In asking my usual smart CS advice-givers, I have phrased my question as:
"I want to take a task, split it into a bunch of subtasks that are executed simultaneously on a bunch of machines, then those results to be aggregated and dealt with according to some other function, which may be a reduce, or may be instructions to serially add to a database, for example."
According to this break-down of my use-case, I think I could equally well use Hadoop or a set of Celery workers + RabbitMQ broker. However, when I ask the sage advice-givers, they respond to me as if I'm totally crazy to look at Hadoop and Celery as comparable solutions. I've read quite a bit about Hadoop, and also about Celery---I think I have a pretty good grasp on what both do---what I do not seem to understand is:
Why are they considered so separate, so different?
Given that they seem to be received as totally different technologies---in what ways? What are the use cases that distinguish one from the other or are better for one than another?
What problems could be solved with both, and what areas would it be particularly foolish to use one or the other for?
Are there possibly better, simpler ways to achieve multiprocessing-like Pool.map()-functionality to multiple machines? Let's imagine my problem is not constrained by storage, but by CPU and RAM required for calculation, so there isn't an issue in having too little space to hold the results returned from the workers. (ie, I'm doing something like simulation where I need to generate a lot of things on the smaller machines seeded by a value from a database, but these are reduced before they return to the source machine/database.)
I understand Hadoop is the big data standard, but Celery also looks well supported; I appreciate that it isn't java (the streaming API python has to use for hadoop looked uncomfortable to me), so I'd be inclined to use the Celery option.
They are the same in that both can solve the problem that you describe (map-reduce).
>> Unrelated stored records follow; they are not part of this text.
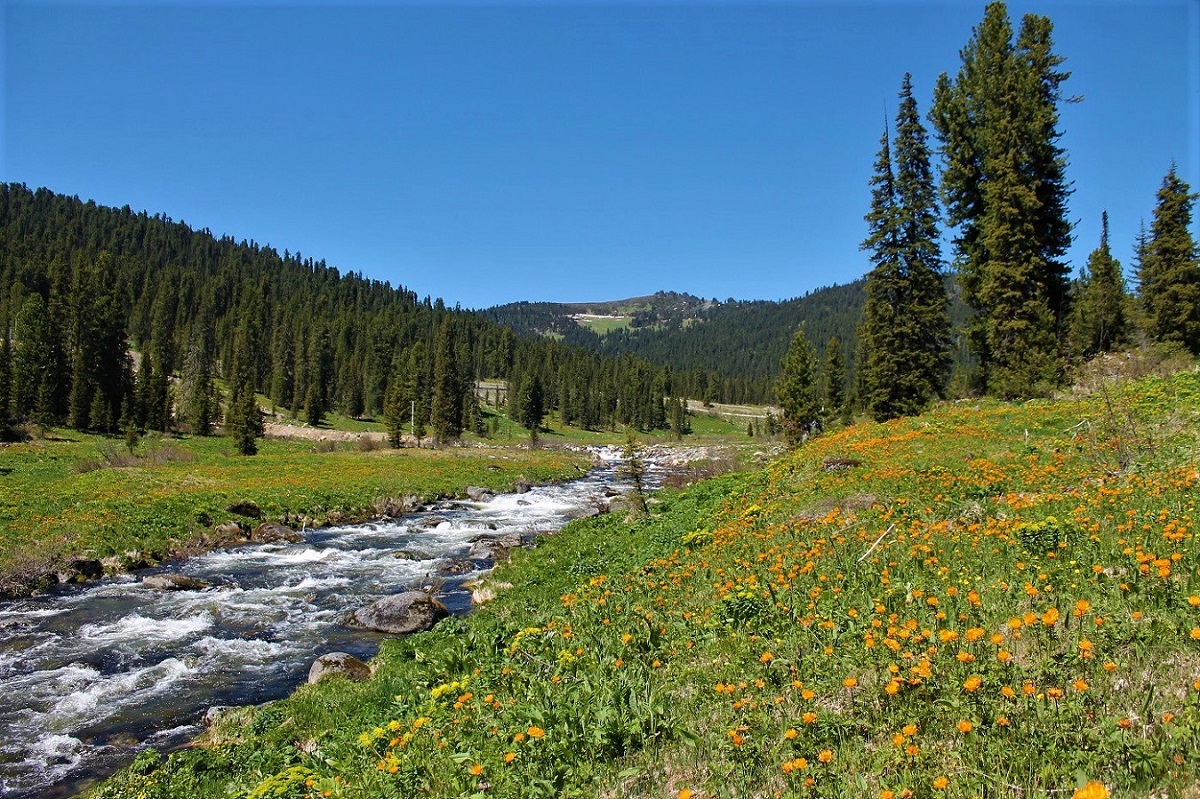 Западный Саян, Ергаки, image of landscape/habitat.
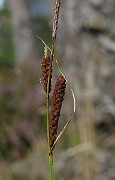IMG_4589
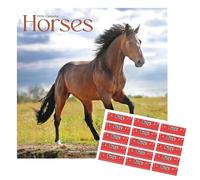 Horses Calendar 2026 | Square Wall Horse Calendar | 16 Month | Animal | With Free Organisational Stickers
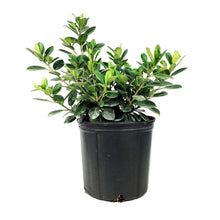 Load image into Gallery viewer, Ficus, 10in, Green Island Bush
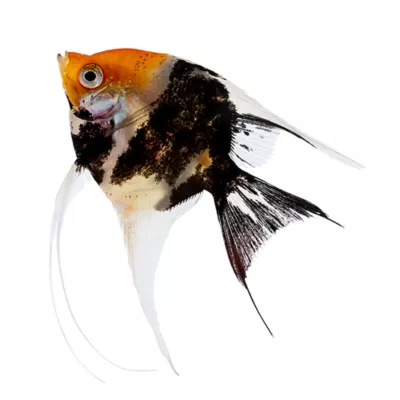 Product Koi Angelfish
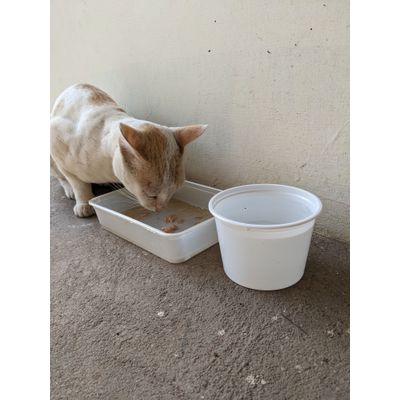 Yumm luxury food for a stray cat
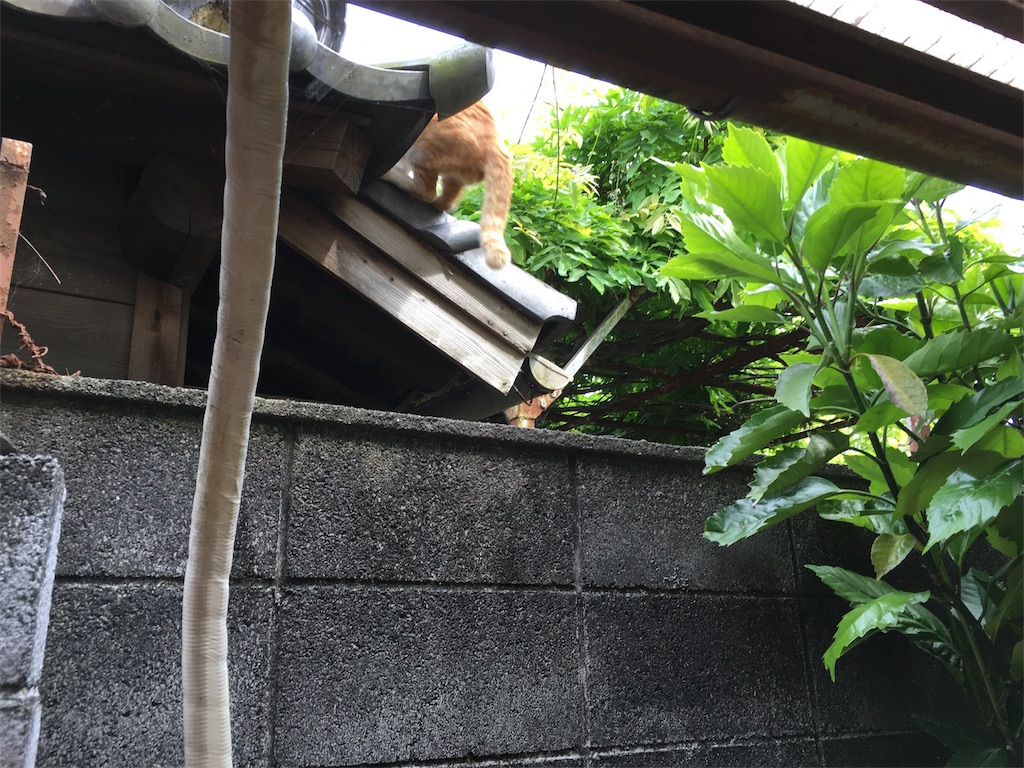 f:id:utakoya-ry88:20160604171506j:image f:id:utakoya-ry88:20160604171506j:image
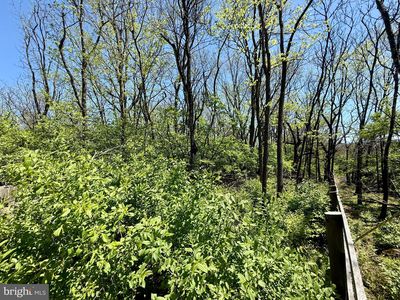 Page Brook Ln, Boyce, VA, 22620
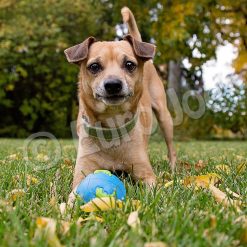 Euro Joe PD ORBEE-TUFF Planet Ball Blue/Green-L Ø10cm -Euro Joe STORE PD68667 68 69M Orbee Planet Ball Blue Green LS 14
They are different in that Hadoop is entirely build to solve only that usecase and Celey/RabbitMQ is build to facilitate Task execution on different nodes using message passing. Celery also supports different usecases.
Hadoop is solving the map-reduce problem by having a large and special filesystem from which the mapper takes its data, sends it to a bunch of map nodes and reduces it to that filesystem. This has the advantage that it is really fast in doing this. The downsides are that it only operates on text based data input, Python is not really supported and that if you can't do (slightly) different usecases.
Celery is a message based task executor. In it you define tasks and group them together in a workflow (which can be a map-reduce workflow). Its advantages are that it is python based, that you can stitch tasks together in a custom workflow. Disadvantages are its reliance on single broker/result backend and its setup time.
So if you have a couple of Gb's worth of logfiles and don't care to write in Java and have some servers to spare that are exclusively used to run Hadoop, use that. If you want flexibility in running workflowed tasks use Celery. Or.....
Yes! There is a new project from one of the companies that helped create the messaging protocol AMQP that is used by RabbitMQ (and others). It is called ZeroMQ and it takes distributed messaging/execution to the next level by strangely going down a level in abstraction compared to Celery. It defines sockets that you can link together in various ways to create messaging links between nodes. Anything you want to do with these messages is up to you to write. Although this might sounds like "what good is a thin wrapper around a socket" it is actually at the right level of abstraction. Right now at our company we are factoring out all our celery messaging and rebuilding it with ZeroMQ. We found that Celery is just too opinionated about how tasks should be executed and that the setup/config in general is a pain. Also that broker in the middle that has to handle all traffic was becoming to much of a bottleneck.
Resume:
Count the occurrences of "the" in a book with as less programming as possible and lots of setup/config time: Hadoop
Create atomic Tasks and be able to have them work together with not to much programming and a lot of setup/config time: Celery
Have complete control over what to do with your messages and how to program them with almost no setup/config time: ZeroMQ
Have pain with no setup/config time: Sockets
I've been managing a program that uses multiprocessing.manager due to some requirements, however we have been getting a steady amount of errors such as timeouts, invalid references and other similar errors.
Now I'm curious if there is a more developed alternative to multiprocessing.manager that has better overall reliability and less state tracking on the client side.
I've tried Google on the subject but due to the odd combination of keywords I only receive bogus results.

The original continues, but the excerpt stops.